I did not want to be the one to tell Ruth that Daddy Dearest was a psycho.
“You got this.” Cassie pushed the coffees toward me. She’d started putting my drinks on a tab so I could pay it on payday. “Good luck.”
“Thanks, Cass.”
I wound my way through the crowd and claimed one of the tables near the back corner, the quietest spot I could find. I was checking my phone — Ruth was late, as usual — when she walked in.
It had only been a few weeks since I’d seen her, but she looked different, more grown up. Maybe it was just that weird thing that happened when you didn’t see someone for a while, when all the little things you wouldn’t have noticed if you’d been seeing them every day added up to make the changes noticeable.
My baby sister looked more grown up than the last time I’d seen her, and that was saying something since the last time I’d seen her she’d been in bed with a member of the Blades who was way too old for her.
I cringed inwardly at the memory as Ruth scanned the crowd. She spotted me in the back and made her way toward me, her head high, steps confident, almost brash as she muscled her way through the crowd.
She’d gotten that from my dad too, another quality she’d shared with Blake.
I stood when she reached the table, biting my tongue against the accusation that rose in my throat when I saw that she’d paired one of my shirts with her jeans.
She hugged me tight. “Asshole.”
“I’m sorry,” I said. “I have a good excuse.”
I’d found my phone on my dresser after my rescue at the dam. One of the Beasts had plugged it in so it would be charged when I came home (my money was on Otis, maybe Wolf, but definitely not Jace), and the screen had been filled with texts, most of them from Ruth.

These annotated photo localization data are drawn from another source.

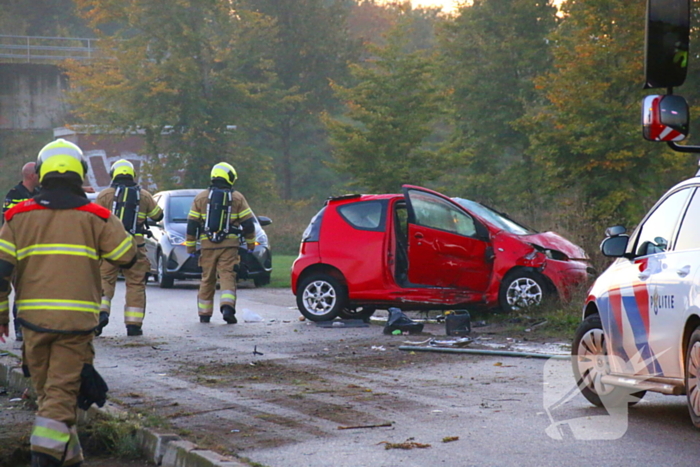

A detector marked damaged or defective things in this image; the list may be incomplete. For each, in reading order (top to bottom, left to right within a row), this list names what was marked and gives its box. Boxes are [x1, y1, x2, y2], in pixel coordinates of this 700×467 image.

damaged red car [290, 186, 592, 322]
detached car door [400, 185, 492, 290]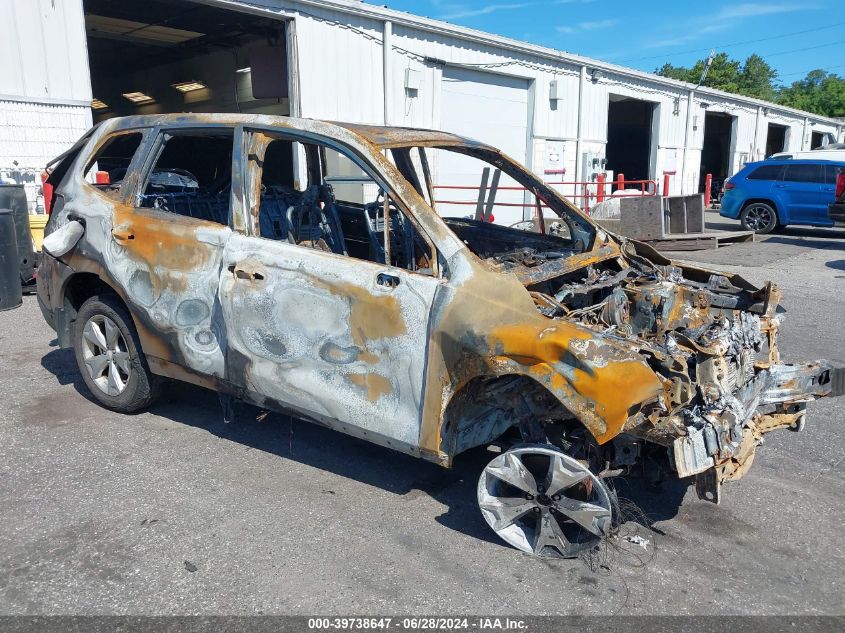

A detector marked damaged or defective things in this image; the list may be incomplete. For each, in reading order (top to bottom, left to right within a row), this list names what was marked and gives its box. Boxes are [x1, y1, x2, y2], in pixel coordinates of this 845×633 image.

detached wheel [74, 294, 160, 412]
burned door [218, 128, 442, 450]
fire-damaged car body [39, 115, 844, 556]
burned subaru forester [39, 115, 844, 556]
detached wheel [474, 442, 612, 556]
detached wheel [740, 201, 780, 233]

“You better.” She sat down and looked at the coffee. Her dark hair was pulled back in a casual ponytail but her makeup was perfect as always, her gray eyes rimmed with eyeliner and thick black eyelashes I knew were fake. “This for me?”
I nodded.
“It’s the least you can do,” she grumbled. “I thought those monsters had murdered you and chopped you into a million pieces.”

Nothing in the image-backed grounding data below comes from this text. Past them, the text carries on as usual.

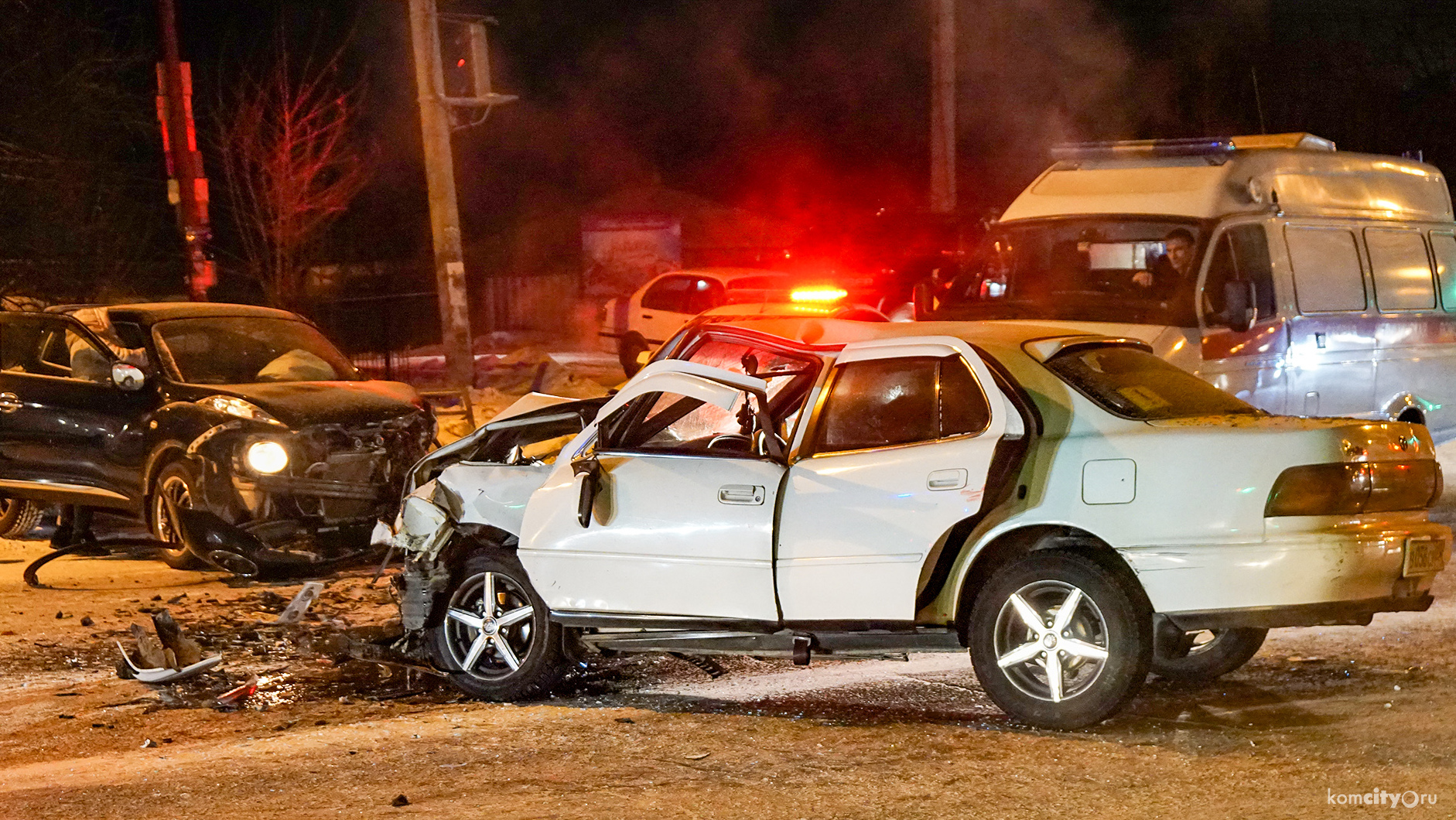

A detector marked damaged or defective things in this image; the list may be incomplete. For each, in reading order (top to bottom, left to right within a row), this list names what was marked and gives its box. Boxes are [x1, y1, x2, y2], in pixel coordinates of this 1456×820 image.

broken windshield [931, 217, 1205, 329]
broken windshield [151, 319, 357, 387]
crumpled hood [214, 381, 422, 431]
damaged car door [524, 364, 791, 623]
crashed white car [381, 317, 1450, 728]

It took me a minute to realize she was referring to the Beasts. Not very long ago, I would have been worried about the same thing. It was a testament to how much my life had changed that they hadn’t come to mind right away.

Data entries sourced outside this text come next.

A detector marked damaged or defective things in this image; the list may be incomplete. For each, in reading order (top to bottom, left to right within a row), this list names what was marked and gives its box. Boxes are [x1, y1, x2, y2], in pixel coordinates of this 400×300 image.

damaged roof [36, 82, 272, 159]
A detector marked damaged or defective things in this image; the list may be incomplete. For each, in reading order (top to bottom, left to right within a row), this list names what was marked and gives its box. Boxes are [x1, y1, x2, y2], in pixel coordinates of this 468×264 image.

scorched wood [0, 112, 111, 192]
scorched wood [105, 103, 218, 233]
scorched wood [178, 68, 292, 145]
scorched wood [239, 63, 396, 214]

“No,” I said. “They’re… they’re not like that.”
What was I doing? Was I defending them? Now? After knowing for a fact that they’d killed Blake?
Her expression hardened. “I’m not going to sit here while you defend them.”
“I’m not defending what they did.” My throat constricted and my eyes stung with tears. I blinked them back, forced myself to breathe. Calvin had stuffed me in his car just minutes after I’d found out the Beasts had really killed Blake. I hadn’t had time to mourn my idea of them. My sadness caught me off guard, but I hadn’t cried over them yet, and I wasn’t about to start now. “I’m just saying you don’t have to worry about them hurting me.”
I hadn’t told her I was staying with Cassie. If I had, I would have had to explain why, and I hadn’t wanted to tell her via text that our dad had kidnapped me. I didn’t want to tell her now either, but Cassie was right: knowledge was power and keeping Ruth in the dark wasn’t doing her any favors.
“Whatever,” she mumbled, picking up her coffee to take a drink. “So where were you? I was texting you like crazy. Even Cass didn’t know where you were.”
“I’ll tell you everything, but first, you have to promise to hear me out. Like, all the way out. Just let me finish and then you can say what you want to say.”
She narrowed her eyes. “Okayyyyy…”
I took a breath and started talking, hoping I wouldn’t regret it.